Marta Robles
Auténtica como su porcelana de Limoges
Ahora que Mercedes Salisachs ha muerto, me da por pensar en cuántas mujeres como ella habrán pasado la vida tratando de demostrar su más que testada lucidez. Mercedes, escritora vocacional, con una formación extraordinaria y una educación exquisita, tuvo que pleitear con más de un intelectual que pretendía robarle alguno de sus méritos a costa de su pertenencia a una de las mejores familias catalanas. Ser hija de un adinerado industrial, declararse castellanoparlante, de derechas y damnificada de los tiempos de la República no suponía el mejor aval para ser considerada en el mundo de la cultura. Durante el franquismo no estaba bien visto que una mujer de buena posición escribiera y en democracia sus ideas conservadoras y católicas la alejaron de los escritores emergentes. A ella, sin embargo, le pesaba poco la oposición de unos y otros; por eso publicó su primera novela durante el franquismo («Primera mañana, última mañana», 1955) y, desde entonces nunca dejó de escribir hasta el día de su muerte, que la sorprendió ordenando reflexiones para esa última obra que había titulado «Pensamientos».
Biblioteca envidiable
Mercedes, que estudió carrera, se casó y tuvo cinco hijos, sacó el tiempo y la fortaleza necesarios para escribir más de treinta obras, ganar los premios más prestigiosos y seguir siendo la señora más impecable de toda Cataluña. Recibía como nadie en los amplios salones de su palacete del Paseo de Gracia y no dudaba en mostrar su envidiable biblioteca tras los regios almuerzos servidos sobre delicadas mantelerías de hilo.

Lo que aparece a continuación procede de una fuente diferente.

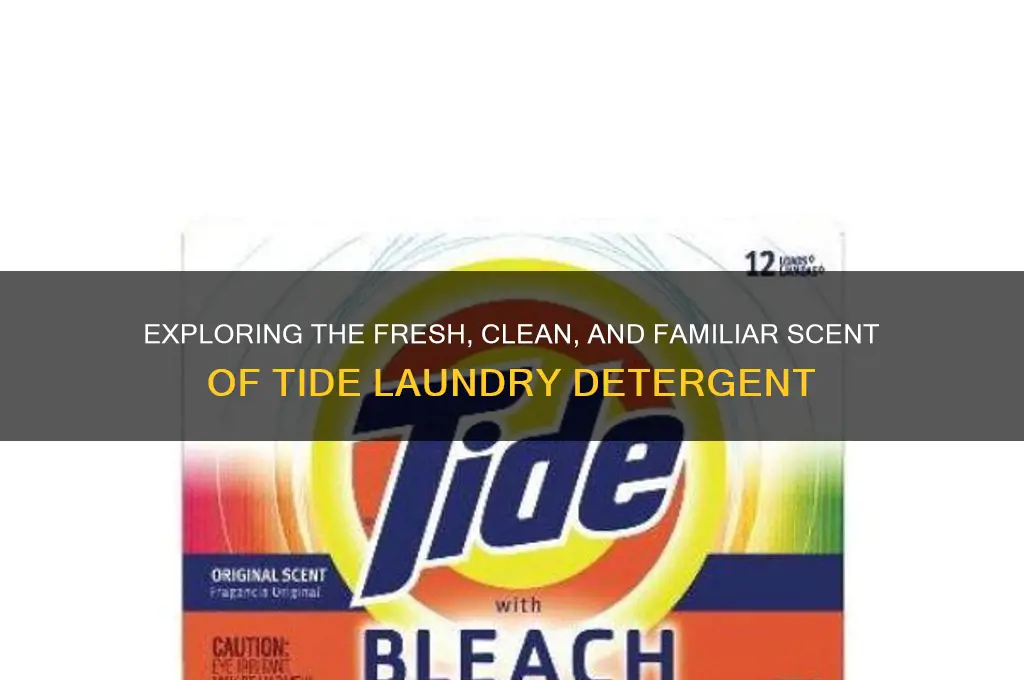what is the scent of tide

Le emocionaba ser la escritora más longeva del mundo, pero se quejaba de que «eso en otro país sería motivo de celebración, pero aquí no soy noticia». No fue fácil para ella reconocer cuánto le costaba ser profeta en su tierra, ni entender por qué se investigaba más sobre su literatura en la Universidad de Gante (Belgica), que en España. Pese a todo, fue feliz viviendo y escribiendo, aunque hubo penas inmensas en su vida que también aprovechó para la escritura. Como la muerte de su hijo a los 21 años en un accidente automovilístico, que inspiró «La gangrena», novela con la que ganó el Planeta. Mercedes no se callaba el dolor ni la alegría, aunque los contuviera en una sonrisa permanente; la misma que le ocupaba el rostro entero mientras bebía libros de otros y derramaba su mundo interior en los suyos. Decía que sin la escritura habría enfermado y se habría encerrado en sí misma, pero yo siempre pensé que estaba enferma de pasión por escribir y que esa enfermedad no sólo no la dejaba enfermar de otra cosa, sino que le duplicaba la vida, libro a libro. Mercedes y sus ojos azules se han ido. Y sus collares de perlas y sus trajes impolutos y sus palabras agudas y sus pensamientos irrepetibles... Mercedes nos ha dejado y con ella también aquella época que compartió con d'Ors y Jardiel Poncela. De ambos guardaba una carta que dio a conocer al mundo en su página web. En la de Jardiel hay una frase que marcó su vida: «...Jamás, jamás, jamás haga caso de las opiniones ajenas...». Así lo hizo y por eso fue una mujer auténtica. Tanto como la porcelana de Limoges en la que se tomaban los tés en su casa y en la que, espero, se los seguirán sirviendo en el cielo.